Proper 10, Year C, 2007

What is the answer to the meaning of life? 

Throughout the centuries, philosophers have debated this question.  Perhaps Douglas Adams says it best, in the Hitchhiker’s Guide to the Galaxy, when he tells us the answer is. . . 42.  In this comedic, satirical piece of science fiction, a group of travelers go on a long adventure after the earth is destroyed. Along the way, after a fearsome journey, the travelers ask a sage what the answer to life, the universe and everything is.  The sage tells them, “42” and when they complain he says what they really should have asked is what the question is.  The never do find a satisfying answer.

Adams reminds us that the meaning of life is not something that can be condensed into a sentence or even a paragraph, though many have tried.

One of the many who has tried to pin down an answer to the meaning of life is a young lawyer in Jesus’ time.  This particular lawyer wanted to see how Jesus would respond to another phrasing of the meaning of life question.  That is, “What must I do to inherit eternal life?”  For that’s really it, isn’t it?  When we ask about the meaning of life, we’re asking about our own mortality.  We’re asking what is the point of giving of ourselves, if we’re all just going to die anyway?  We’re wondering if there is anything after this?
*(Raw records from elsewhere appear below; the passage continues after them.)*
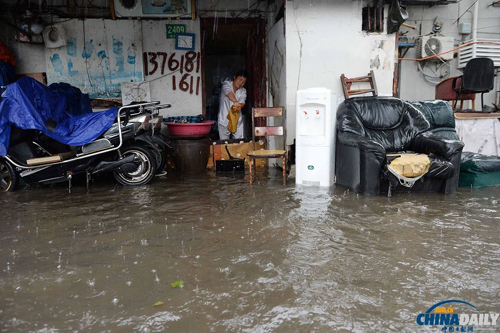 10月8日，上海市杨树浦路，一位市民家门口被积水淹没。赖鑫琳摄（来源：国际在线）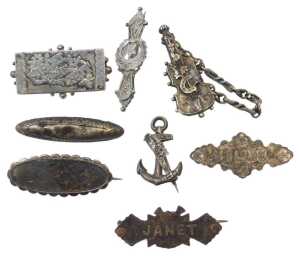 Eight silver brooches, to include a sweetheart brooch, named brooches for Nelly and Janet, and a...
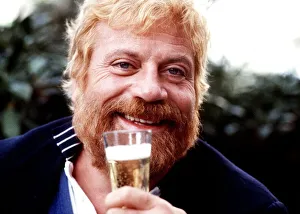 Oliver Reed drinks a glass of champagne 1986 Oliver Reed drinks a glass of champagne 1986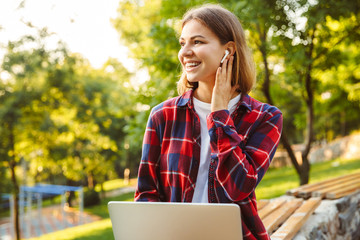 Canvas Print - Amazing lady student listening music with earphones.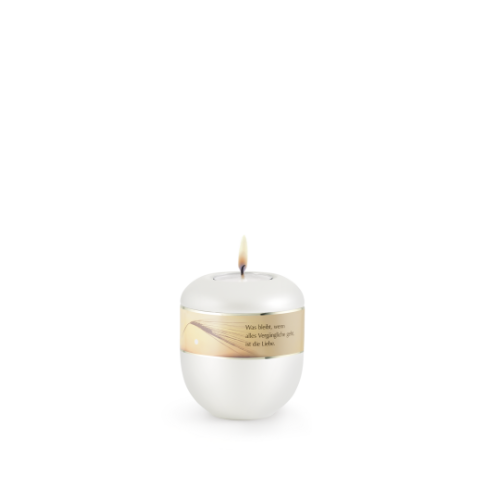 Ein perlmuttfarbenes Gedenklicht in runder Form mit einer goldenen Banderole, auf der der Spruch „Was bleibt, wenn alles…“ zu lesen ist, und einer brennenden Flamme.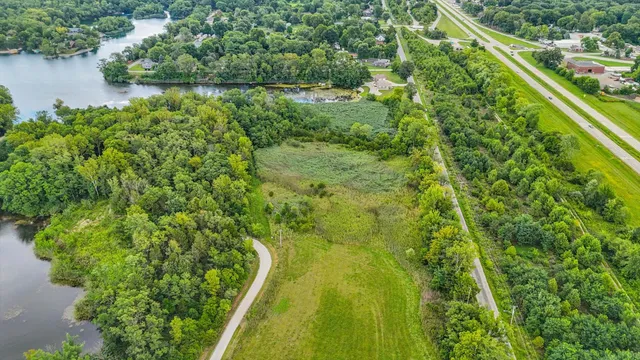 a view of a yard with plants and a lake view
Jesus must have interacted with lawyers before this one, because he simply deflects the question back to the man and asks him, “What is written in the law?”  The lawyer replies with the Schema from the Hebrew Scriptures which is “Love the Lord your God with all your heart and soul and strength and mind and love your neighbor as yourself.”  Jesus then affirms that this is the way to live.

But what doesn’t Jesus say?  Jesus does not say, “This is what you do to get into heaven.”  Jesus does not say, “This is what you do so that God won’t get mad at you.”  Jesus tells the man that loving God and loving neighbor is the way to live. 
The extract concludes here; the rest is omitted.